603Country said:
Not in any way suggesting that you are wrong, but you have to admit that it is interesting that I have gotten so many different opinions on the best or most correct operating pressure when towing or not towing.
Not at all surprising. Your Michelin "techs" are most likely customer service reps looking at a matrix graph, trying to come up with something for an answer. As for a lot of answers I read in many threads, its keyboard cowboys who know everything, about everything. In reality, they know very little and throw out something they hope will stick or regurgitate something they've seen elsewhere.
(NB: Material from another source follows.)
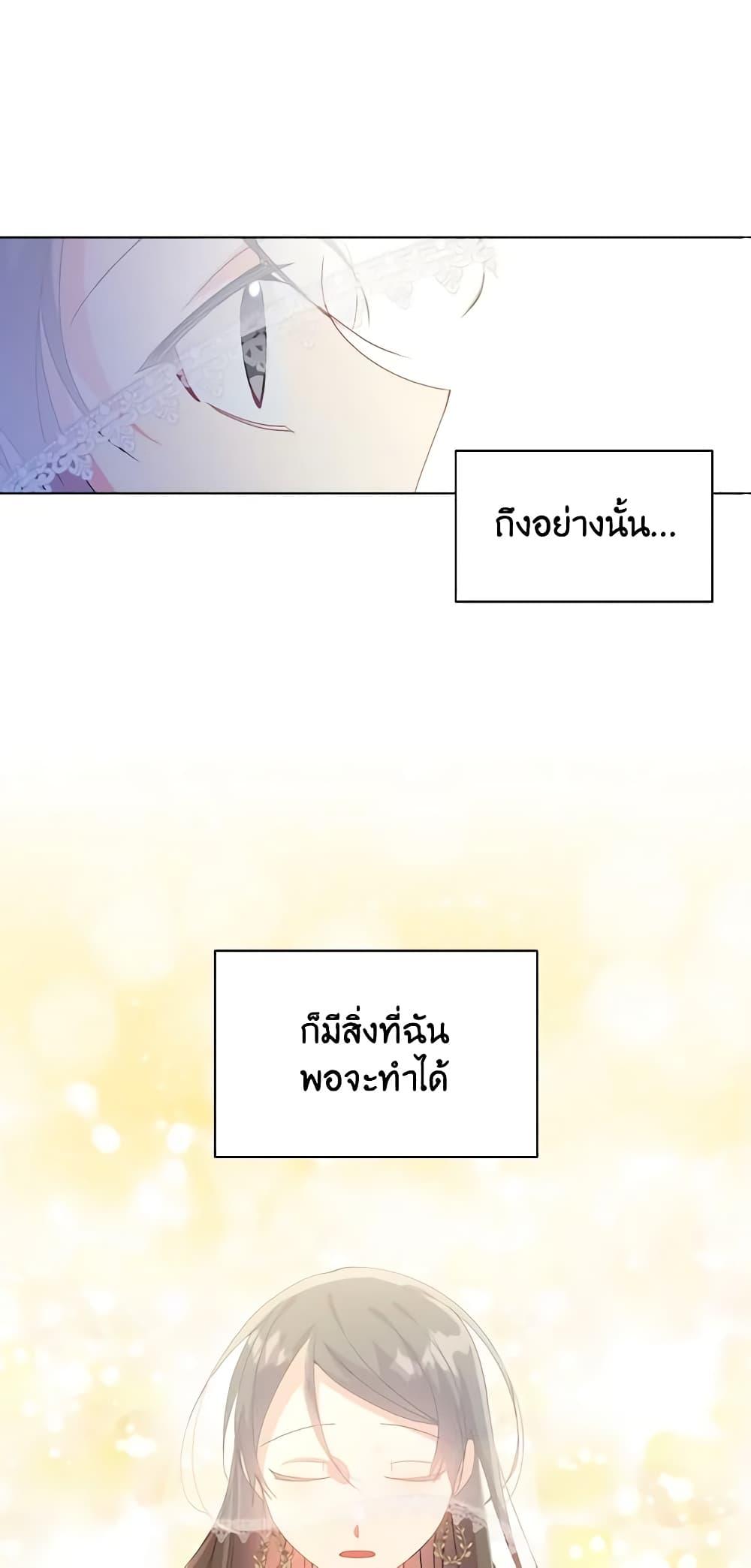 Manga-lc-com อ่านมังงะ อ่านการ์ตูน ออนไลน์ ฟรี The Meaning of You ตอนที่ 1 2 3 4 5 6 7 8 9 10 11 12 13 14 ฟรี ไม่มีโฆษณา Manga-lc - อ่าน มังงะ อ่าน การ์ตูน ออนไลน์ อ่านมังงะ ฟรี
If someone isn't intimately knowledgeable of the subject, I wish they'd just refrain from posting, as it only adds confusion and further misinformation.
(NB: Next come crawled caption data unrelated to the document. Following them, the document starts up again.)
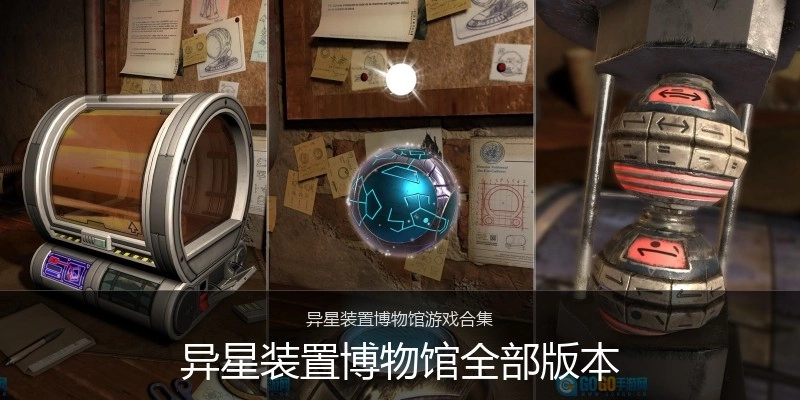 异星装置博物馆全部版本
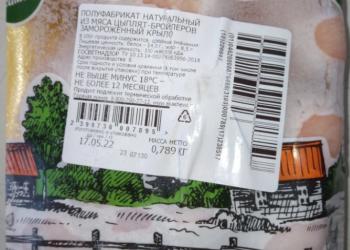 КУРИНАЯ ПРОДУКЦИЯ ФИРМЫ "АКАШЕВО "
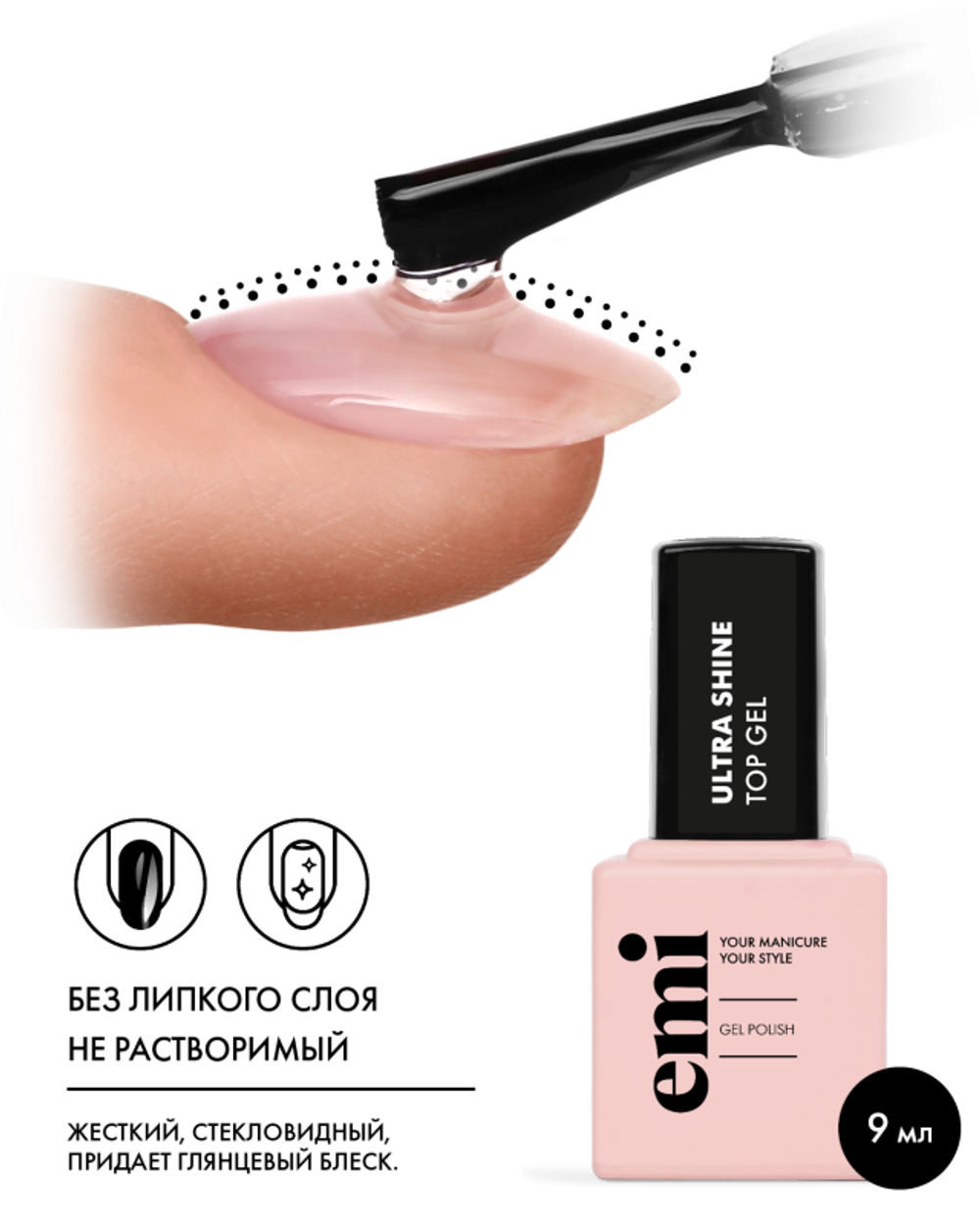 E.MiLac Ultra Shine Top Gel, 9 мл.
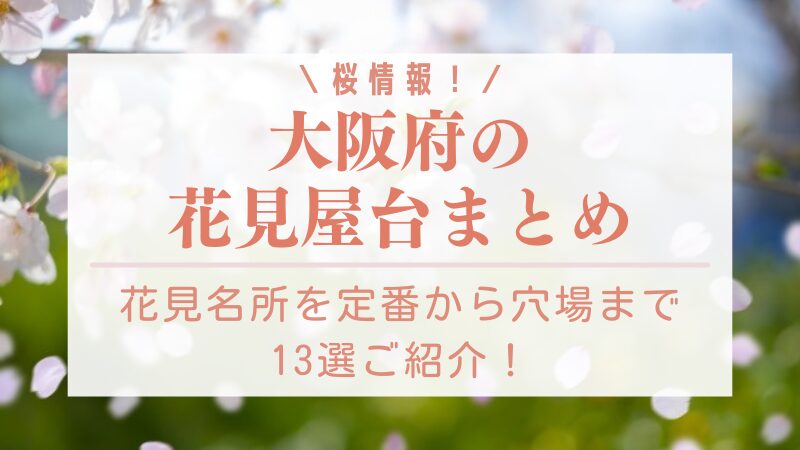 大阪の花見屋台2024まとめ！大阪の花見名所を定番から穴場まで13選ご紹介！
First off, the doorjamb sticker is an average suggestion, trying to cover many scenarios. It's not perfect and not set in stone. Case in point is my truck, which shows 35F/35R. My frontend is substantially heavier than the rear. Therefore, I wouldn't need as much pressure in the rear to support its weight, since it's lighter. Likewise, if I follow the sticker and go load 1000lbs of material in the bed, now, I'm underinflated for the load. But, wait!!! The sticker tells me blah, blah, blah. We need to be inflated for the actual load and not what a sticker or sidewall says.
Now, I presume, you left Discount Tire in the same truck you drove in. The only thing you changed was a bit larger tire, which adds a bit more tire volume, which means you can run a bit less pressure (1-2psi). However, for some reason, you feel the need to run 50psi in them. I don't understand why. You've changed nothing about the weight of your truck, so there wouldn't be any need to drastically increase your pressures beyond factory, because you're not supporting additional weight. If anything, take advantage of the extra volume/flotation of them and drop a few. It's a 10-ply tire and will already ride rougher than what came on it. A 6- or 8-ply tire could've handled what you're going to be towing. But, I understand wanting to be equipped. No worries, there. You would only need to bump up the rears, once you're loaded or hitched. Lastly, an overinflated tire will have less grip than one properly inflated for the weight being carried.
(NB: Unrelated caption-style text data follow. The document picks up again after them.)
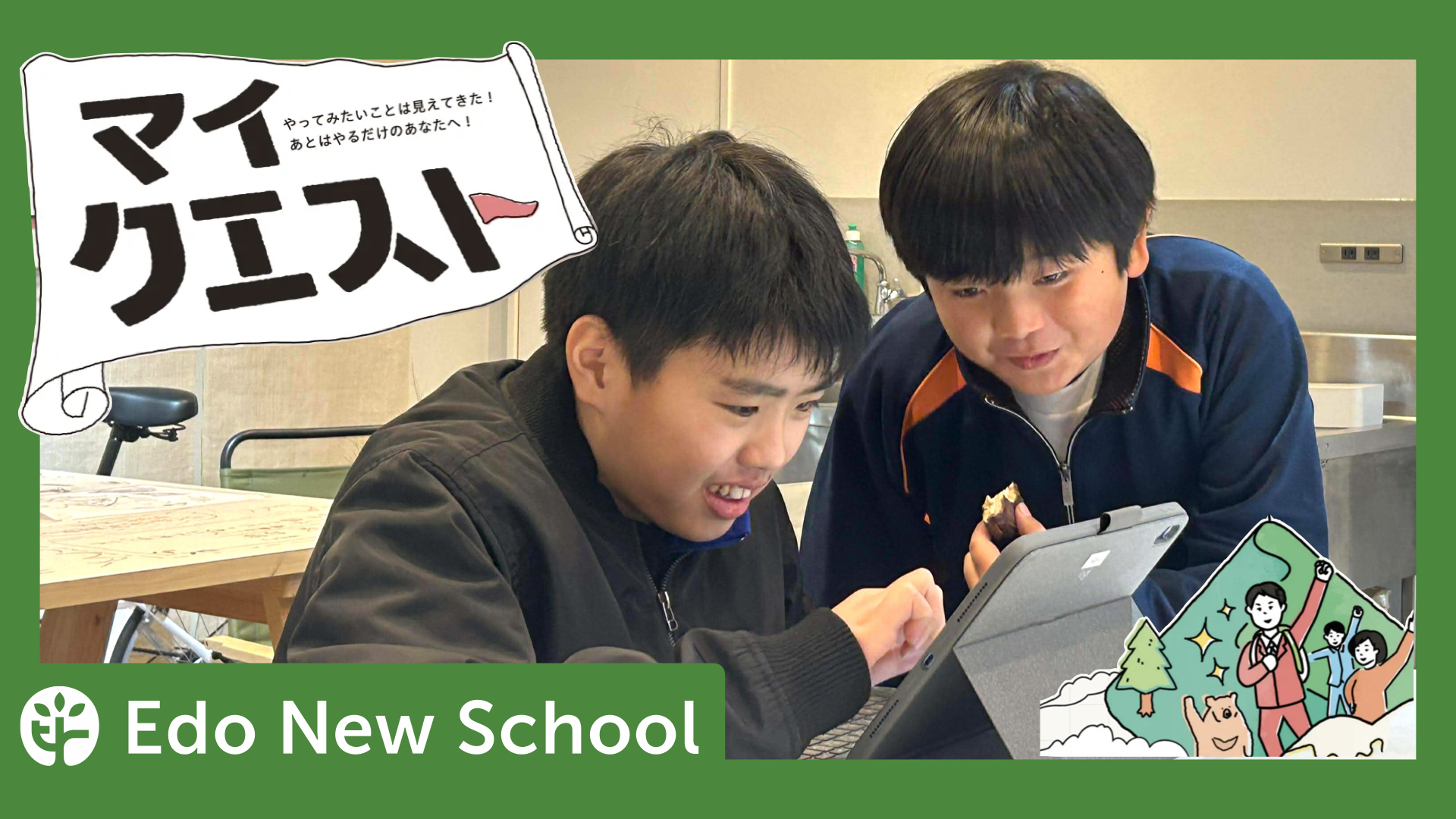 【活動報告】マイクエスト 12月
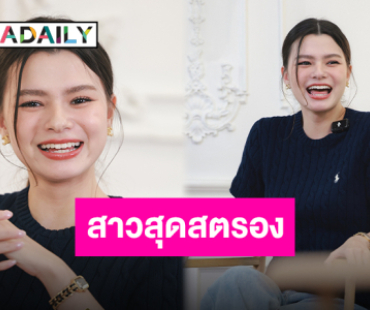 สตรองสมชื่อ!! “เบ็คกี้ รีเบคก้า” ตัวท็อปแถวหน้าของวงการ GL ดอกไม้งามที่เติบโตได้ทุกสภาพดิน!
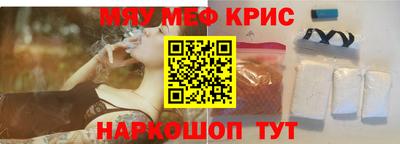 меф VHQ Малоярославец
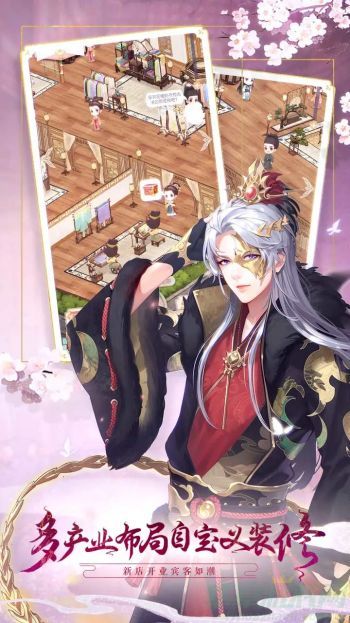 锦绣商铺官方版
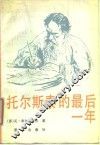 托尔斯泰的最后一年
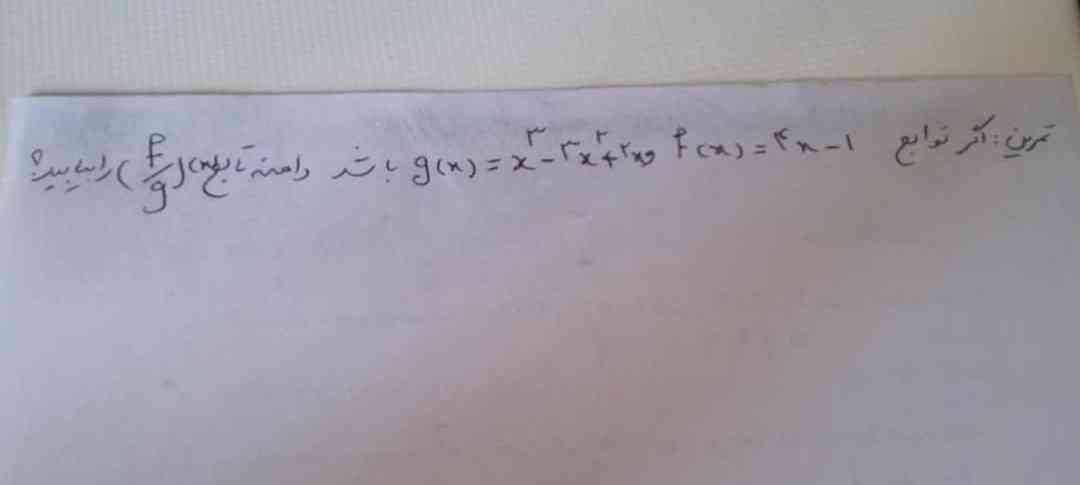 اگر توابع g(x) =x³-3x²+2x, f(x)=4x-1باشد دامنه تابع(f-g)(x) را بیابید؟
As I stated above, your TT doesn't have a massive tongue weight. If I could suggest anything, it would be a nice, automatic ride-height airbag system and a WD hitch. The airbags will keep the truck at a set height and desired attitude, your TT at a desired attitude, and help to stabilize the rig. A WD hitch will further the stabilization and help mitigate porpoising. I have both and have never had an issue with any trailer configuration or weight.
Do not add 10psi extra to any tire, for peace of mind (I'll save the essay). However, a TPMS would be great to monitor pressure gain. When you see pressure in a tire creeping up beyond what the others are sitting at (assuming all are equally loaded), you'll know you're having an issue at that location. Likewise, if you see more than 10-15% pressure gain across similarly loaded tires, you'll know you need to bump pressures to better support the weight. If you're at max psi on the sidewall, you'll need to investigate heavier tire options. Overspeeding, bad wheel bearings, bent axles, poor alignments, etc do not count.
The Suburban mentioned above has the factory presuming it's going to be carrying passengers in the rear, so they purposely suggest a much higher pressure in the rear to support their weight. I only mention this, so people don't automatically assume they need to be running the same level of pressures, in the same positions, in their empty or dissimilar vehicles. That thing is a heavy beast, ready to haul everyone and pull anything.